Abbiamo ritenuto di dovere tracciare dettagliatamente i fatti che hanno caratterizzat5o il percorso compiuto dalla Banca Carige per il suo ritorno sul mercato, per dare una nuova evidenza di cosa sia diventata la finanza. È un ambiente in cui si dice tutto e il contrario di tutto. Si afferma che il titolo potrebbe necessitare di un nuovo aumento di capitale a fine 2022 e nello stesso tempo che i suoi indicatori sono ai massimi livelli e la tendenza del conto economico è in evidente miglioramento. Ciononostante non è possibile affermare con certezza che il piano industriale possa essere rispettato a fine 2022. Qualsiasi cosa dovesse accadere in seguito, si potrà dire che era stato detto e che chi investe nei mercati finanziari deve essere consapevole che potrebbe perdere il capitale investito. Tutto vero, ma come è possibile che un titolo resti sospeso per più di 30 mesi, 13 dei quali di commissariamento, allo scopo di permettere la creazione delle condizioni necessarie alla sua integrazione con altro istituto bancario. Poi, quando lo si riammette, nessuno è in grado d’indicare, per ragioni incomprensibili, una fascia di prezzo che possa permettere una negoziazione che non penalizzi chi è costretto a vendere per recuperare liquidità da un investimento che è stato tenuto bloccato per due anni e mezzo, in un momento in cui una pandemia ha complicato la vita economica di moltissimi risparmiatori.

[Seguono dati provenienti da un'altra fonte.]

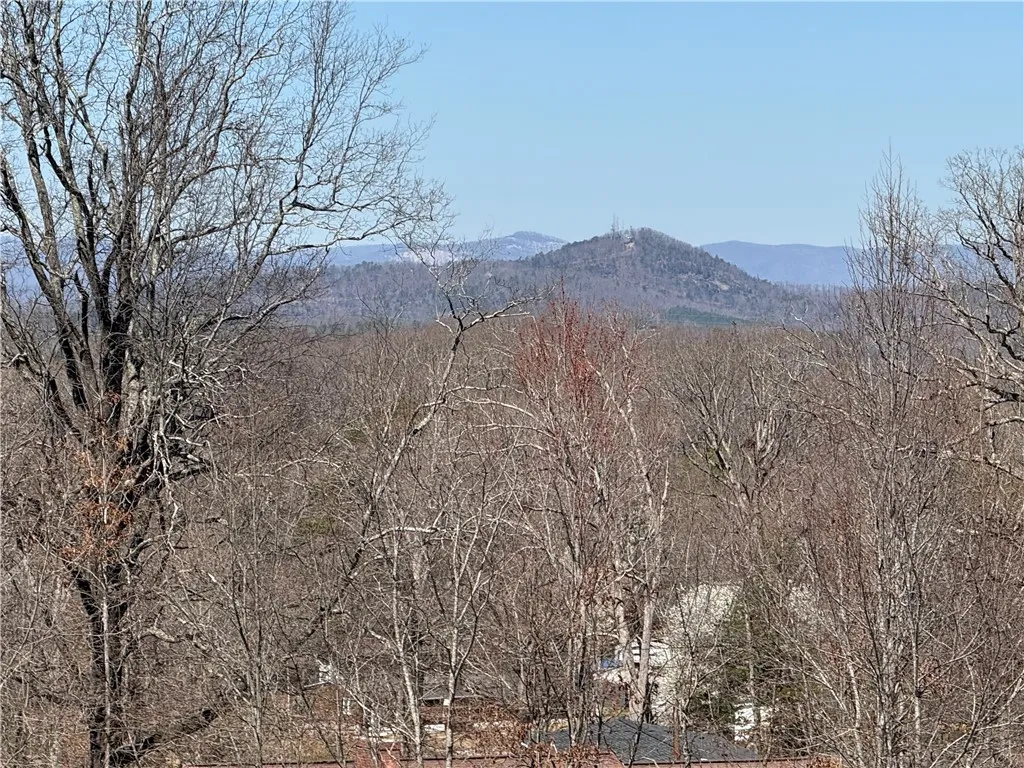 Property image 3 at 407 Mulberry Road, Easley, SC 29640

Quando abbiamo deciso di associare a questo articolo la fotografia di un torrente di montagna, avevamo ipotizzato che simboleggiasse la trasparenza, caratteristica che da tempo segnaliamo come in regressione nella finanza. Poi, un fugace pensiero, ci ha indotti a riflettere sulla caparbia insistenza con cui denunciamo, senza ottenere alcun riscontro. Dall’inconscio è emersa una metafora diversa che, almeno per noi, ha cambiato il significato dell’accostamento a questo articolo, perché molto più in sintonia con lo scopo che stiamo perseguendo: ci auguriamo che la tenacia che ci spinge a denunciare, con ostinata continuità, dettagli palesi cui nessun altro sembra volere prestare attenzione, possa ottenere un risultato più rapido, ma ugualmente duraturo, dell’apparentemente innocuo, ma incessante, scorrere dell’acqua, che riesce a modificare l’ambiente in cui si muove, per aprirsi la via che le consentirà di raggiungere il mare.